Linux® is being adopted by an increasing number of embedded systems developers, who have been won over by its sophisticated scheduling and networking, its cost-free license, its open development model, and the support offered by rich and powerful programming tools. While there is a great deal of hype surrounding the use of Linux in embedded systems, there is not a lot of practical information. Building Embedded Linux Systems is the first in-depth, hard-core guide to putting together an embedded system based on the Linux kernel.
This indispensable book features arcane and previously undocumented procedures for:
- Building your own GNU development toolchain
- Using an efficient embedded development framework
- Selecting, configuring, building, and installing a target-specific kernel
- Creating a complete target root filesystem
- Setting up, manipulating, and using solid-state storage devices
- Installing and configuring a bootloader for the target
- Cross-compiling a slew of utilities and packages
- Debugging your embedded system using a plethora of tools and techniques
Details are provided for various target architectures and hardware configurations, including a thorough review of Linux's support for embedded hardware.
All explanations rely on the use of open source and free software packages.

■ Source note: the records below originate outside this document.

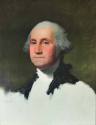 Bicentennial Athenaeum portrait of George Washington
Artist: James F. Powers, after Gilbert St ...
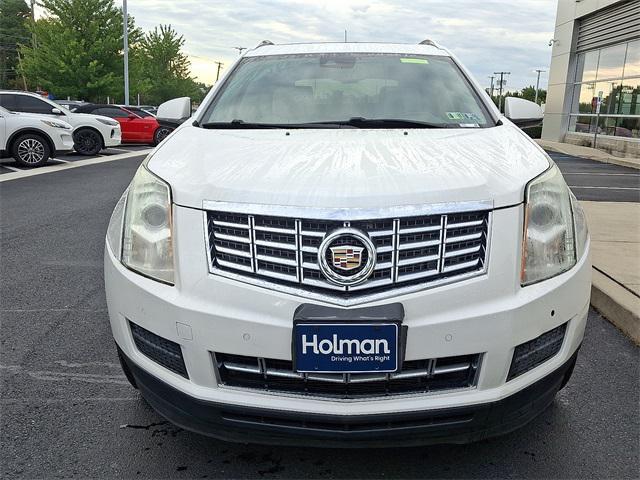 used 2015 Cadillac SRX car, priced at $15,999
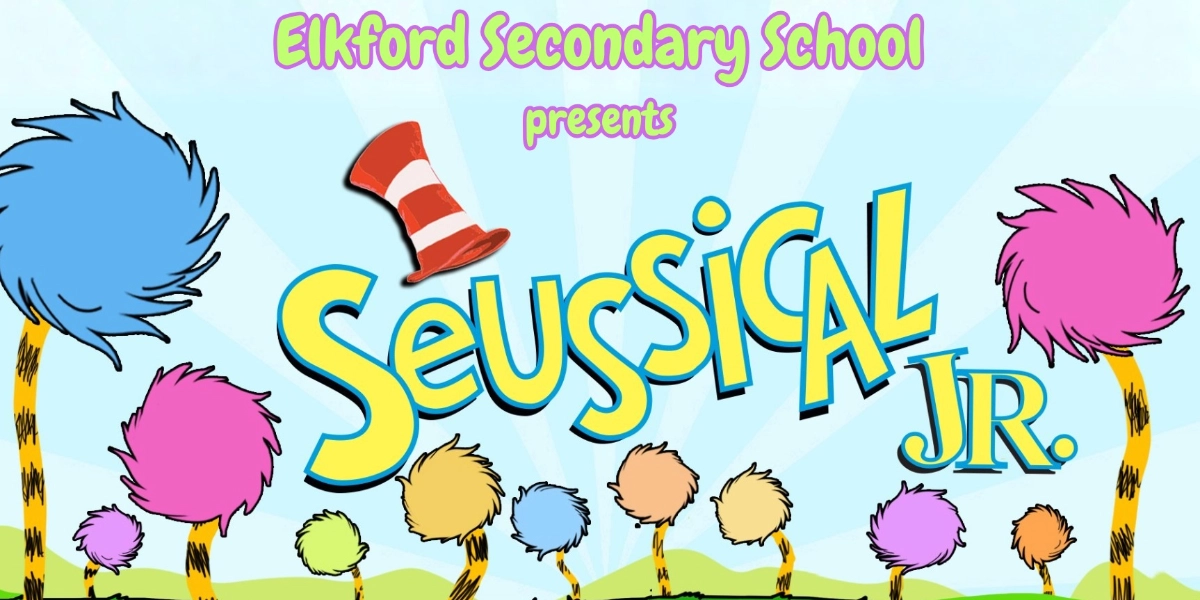 Event image for ESS Presents: Seussical Jr!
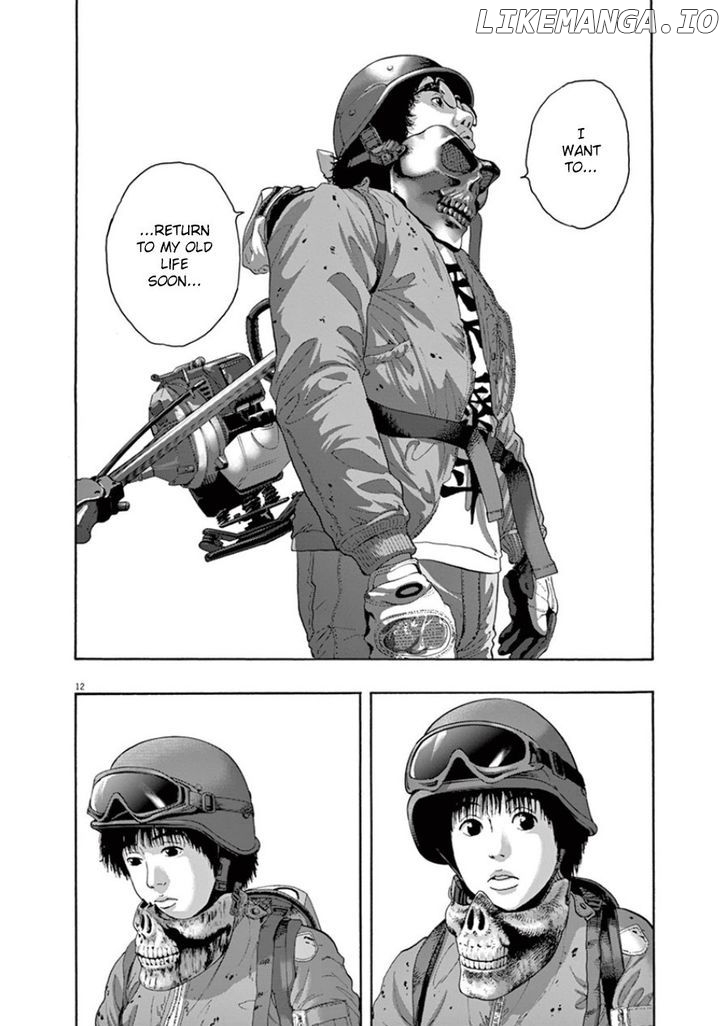 Read I Am A Hero EN Manga Online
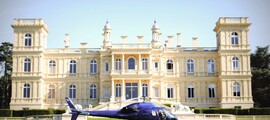 Párizs helikopterrel: panorámaélmény a párizsi helikopterleszállópályáról indulva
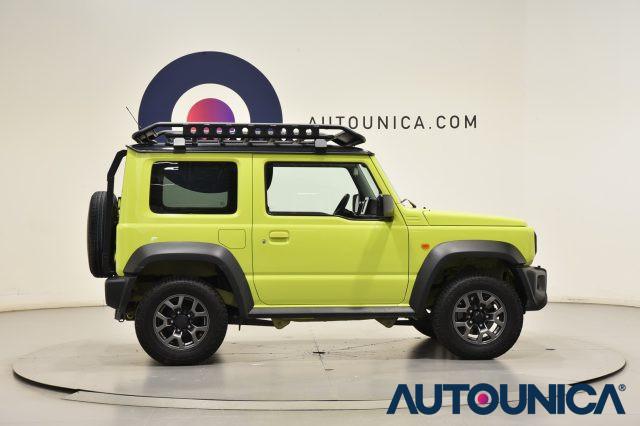 SUZUKI Jimny 1.5 5MT TOP NAVI AUTOVETTURA 4 POSTI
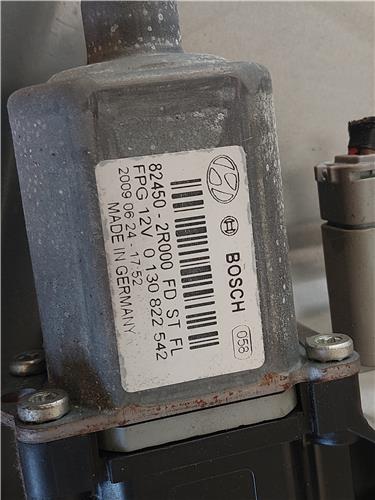MECANISMO ELEVALUNAS DEL. IZDO. Hyundai i30 (fd)(06.2007->) 1.4 G4FA 82470-2R000 824702R000 CRIS Delanteras delanteros Izquierdas izquierdos motor - Imagen 3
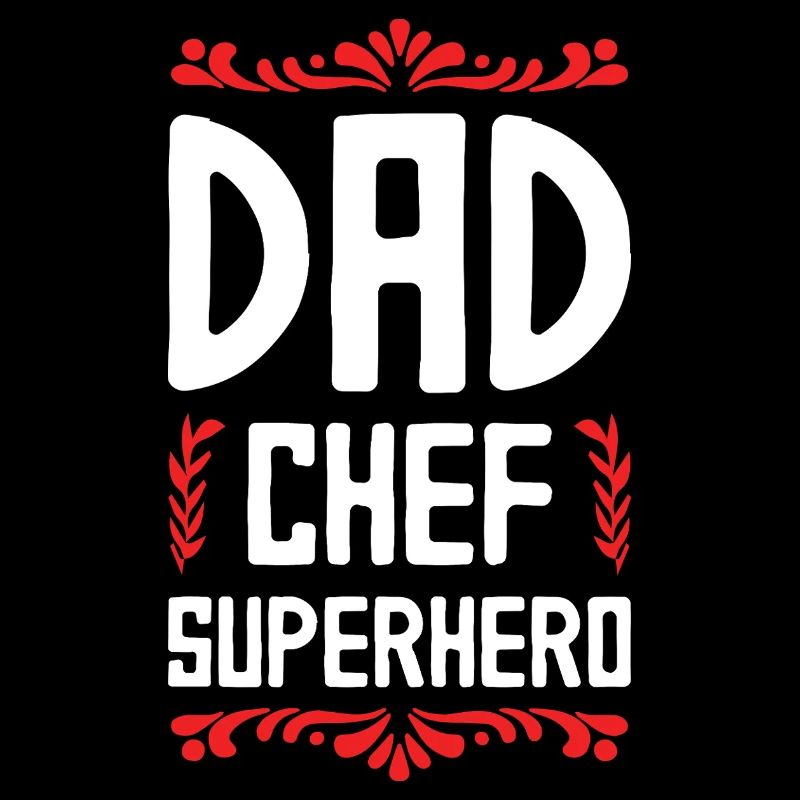 Dad superhero dad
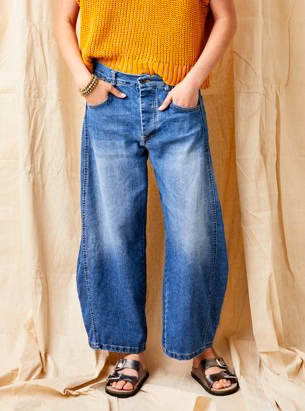 Suzy D Barcelona Carrot Jeans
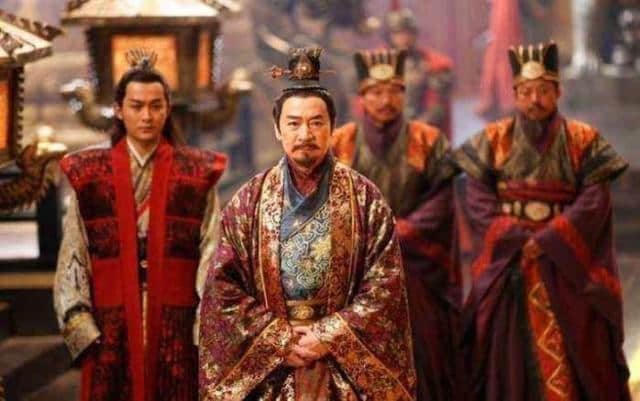 唐高祖李渊，戏剧人生，从做皇帝到当太上皇都是被迫无奈的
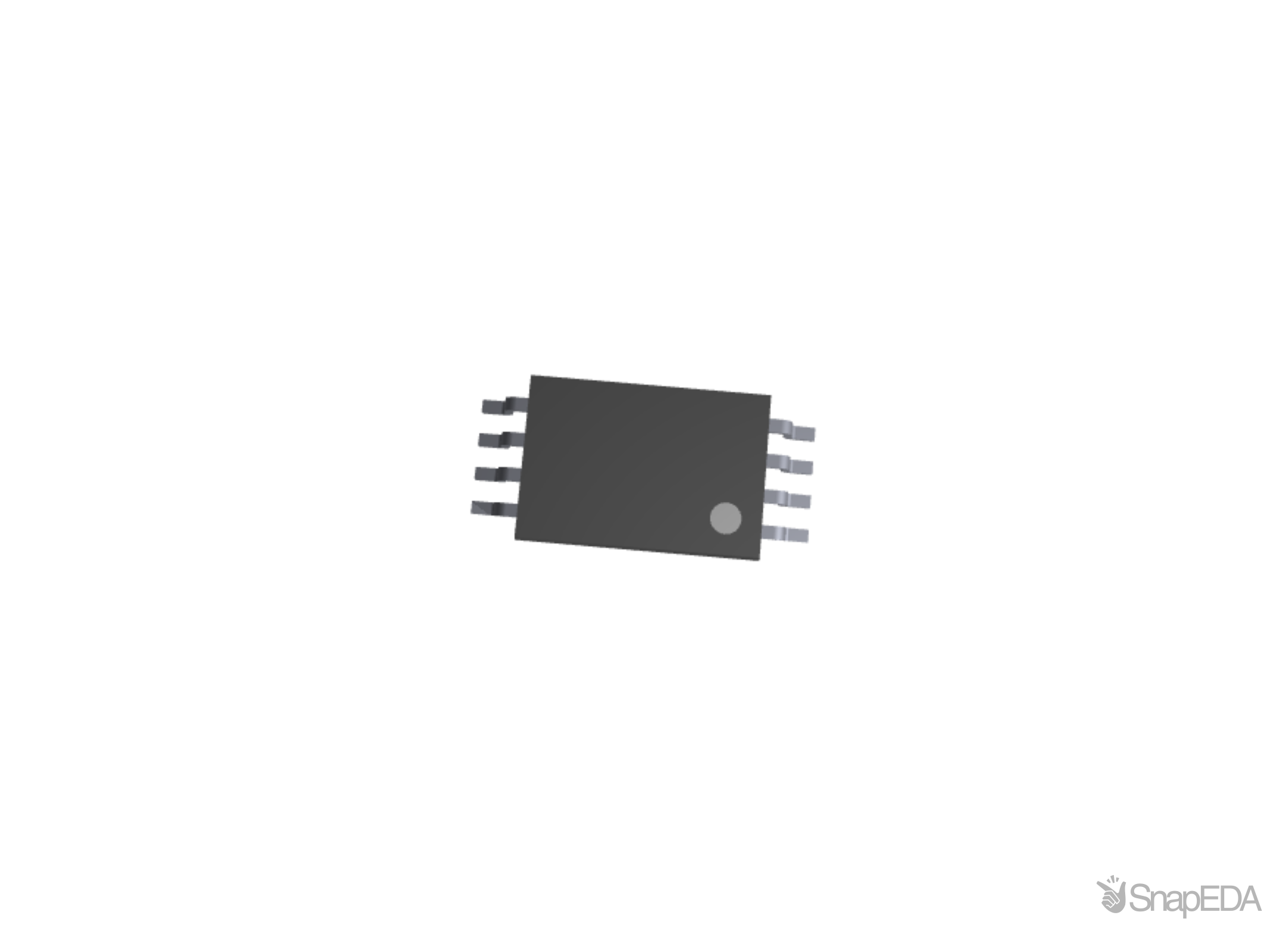 TLC7701IPWR 3D Model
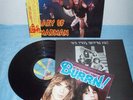 OZZY OSBOURNE -diary- JAPAN LP OBI + MAG -black sabbath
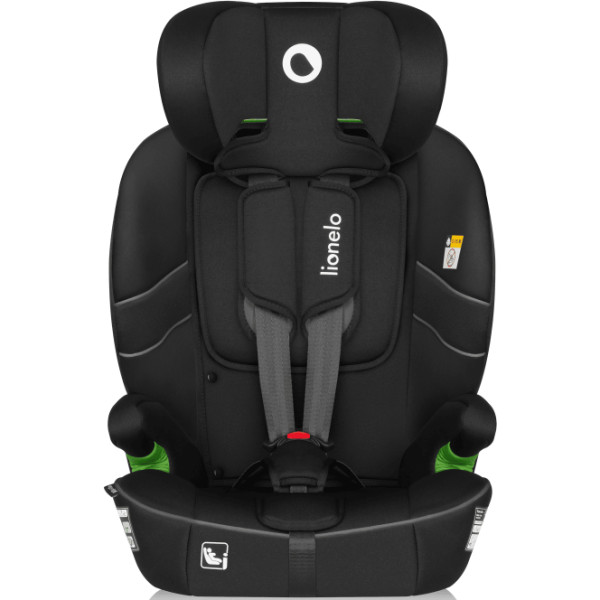 Фото - Автокресло Lionelo Billy I-Size Black Carbon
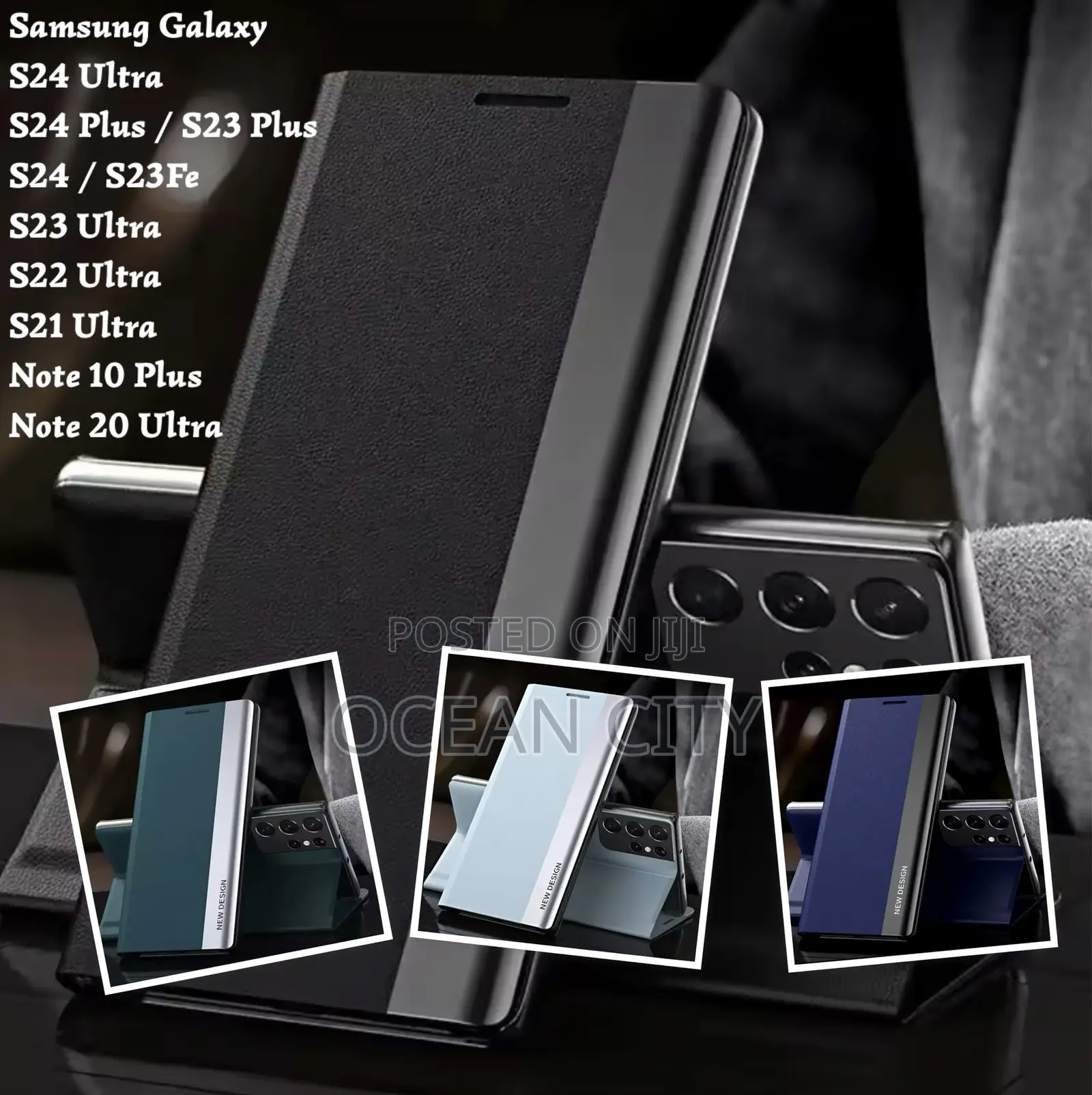 Samsung Galaxy S25 Model Cases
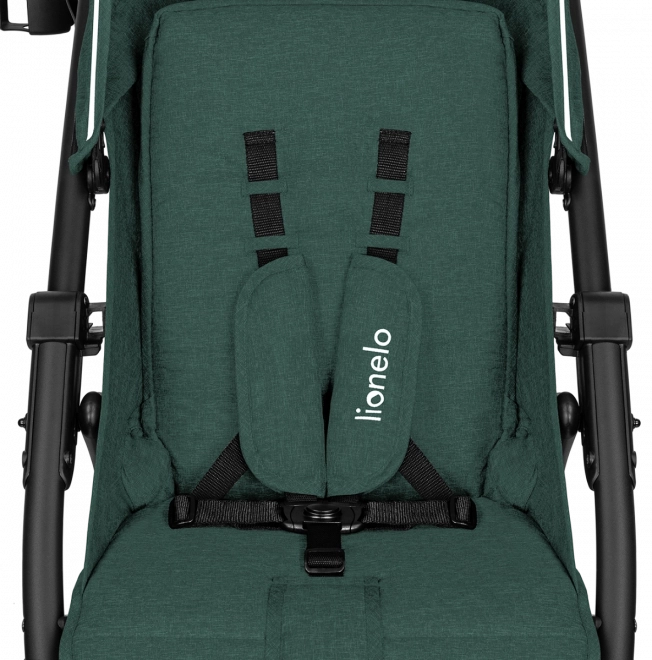 Lionelo Annet Plus Stroller Dreamin Edition – Green Forest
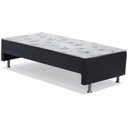Ver imagem 3 de Cama Box Conjugado Solteiro Cama Auxiliar (88x188x37) - Ortobom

By presenting how to build the operating system components from pristine sources and how to find more documentation or help, this book greatly simplifies the task of keeping complete control over one's embedded operating system, whether it be for technical or sound financial reasons.
Author Karim Yaghmour, a well-known designer and speaker who is responsible for the Linux Trace Toolkit, starts by discussing the strengths and weaknesses of Linux as an embedded operating system.
Licensing issues are included, followed by a discussion of the basics of building embedded Linux systems. The configuration, setup, and use of over forty different open source and free software packages commonly used in embedded Linux systems are also covered. uClibc, BusyBox, U-Boot, OpenSSH, thttpd, tftp, strace, and gdb are among the packages discussed.